It must be taken into account that NVIDIA began to differentiate its graphics cards for servers from those used in the home and professional markets starting with the GP100, whose architecture was different from its contemporaries for gaming, the GTX 1000. Since then the differences between both ranges they have been increasing more and more. The main one being the fact that the shader unit, known as SM in both ranges, completely differs in focusing on different needs. One to reproduce the graphics of PC games and the other for scientific calculations.
How can you see the RT Cores to accelerate Ray Tracing are not found in this graphics card, hence it does not receive the name of RTX. Instead, we have that GPUs like the NVIDIA GH100 support double-precision floating point. Which is essential for work in certain fields of scientific and engineering research. We also have to keep in mind that despite its name, the NVIDIA GH100 Tensor GPU cannot render graphics with the same speed and smoothness as gaming cards.
This is the NVIDIA GH100 Tensor GPU, a beast for AI and Deep Learning
For the manufacture of this mastodon of more than 800 mmtwo, although somewhat smaller than its predecessor, NVIDIA has opted for the N4 node, a somewhat more optimized version of its 5nm node. On which he has created a design that in a certain way is continuous with the same type of processor of the previous generation, the A100. By the way, we cannot forget that we have two versions, one with the SXM form factor for supercomputers and another in the form of a PCI Express card, which by the way does not use the new PCIe Gen 5 connector and is limited to 350 W. Instead, the full version can reach 700 W of consumption in total.
As for its official technical specifications, for the different models they are the following:
As you can see, apart from adopting the configuration regarding the 32-bit floating point units of the RTX 30, with the second array of them switched with the integer unit, what stands out the most is the HBM3 memory usage for the first time on finished hardware.

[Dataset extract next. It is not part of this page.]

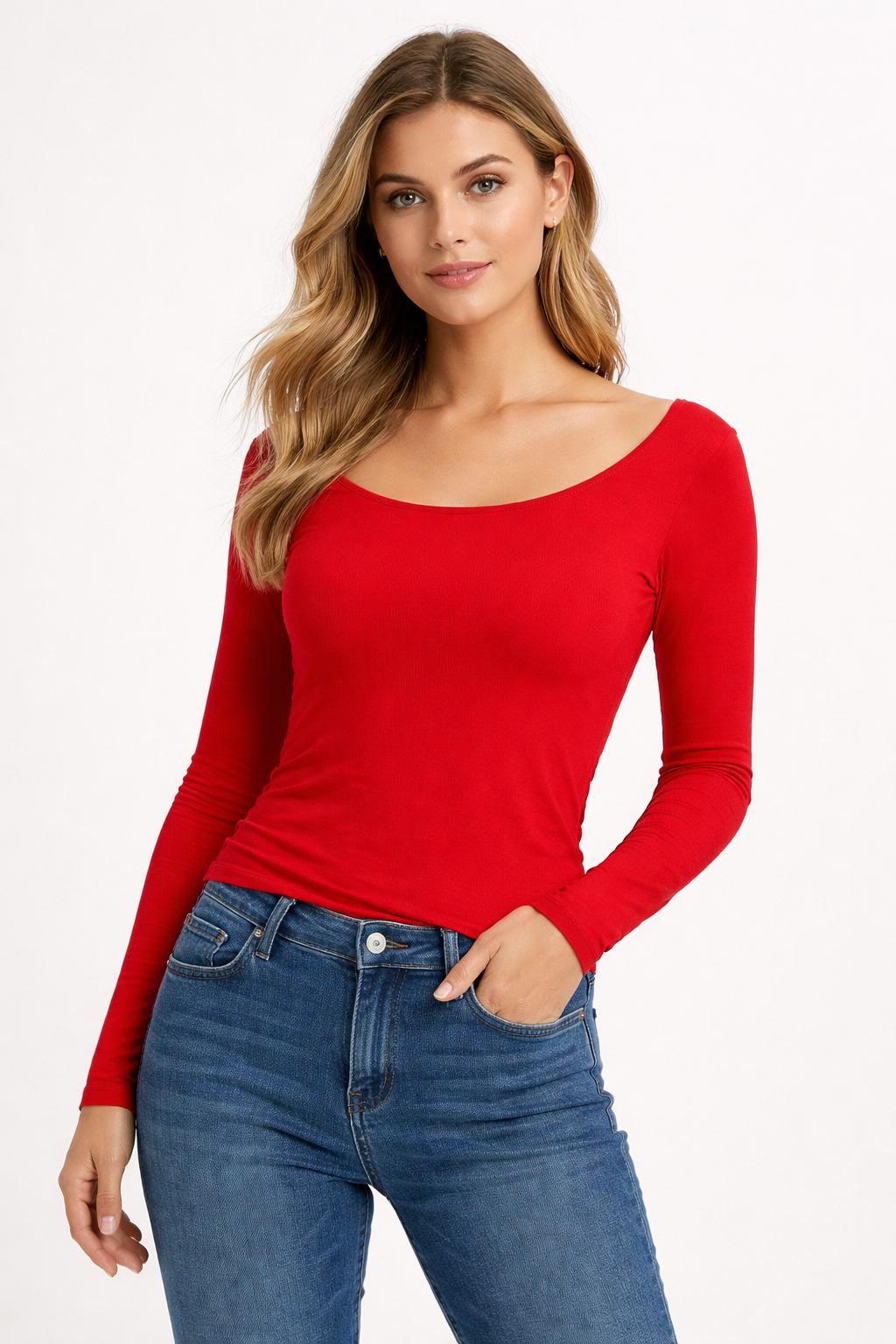 Koszula damska Calvin Klein "M"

Although at the moment we do not know if the first models are going to use HBM2E memory while NVIDIA waits for the new standard to be widely available. Regardless of the type of memory used,
What changes from the NVIDIA GH100 could we see in the RTX 40?
The most obvious of all are the Fourth Generation Tensor Cores which are now much wider and can exceed the PetaFLOP of power, that is, 1000 TFLOPS. However, as happened with RTX 30 compared to A100, it is most likely that they leave out a good part of the capabilities. Especially all those related to the training and support of certain data formats.
The second point that also draws our attention is the addition of the Tensor Memory Accelerator, which allows Tensor Cores to access data beyond the L1 cache when the L1 cache and registers are busy performing other tasks. In other words, memory access will no longer be switched and this is going to be a huge advantage in Deep Learning algorithms applied to speed up and visually improve games.
Now to finish our quick summary, another of the novelties that we will see in the RTX 40 and that have been released with the NVIDIA GH100 Tensor GPU has to do with the intercommunication between the SM. the calls Thread Cluster Block that allow a set of SMs to directly intercommunicate without them having to go down to look for the data in the L2 cache or, worse, in the RAM of the card itself. Thus reducing the latency in the intercommunication between the different cores that make up the chip.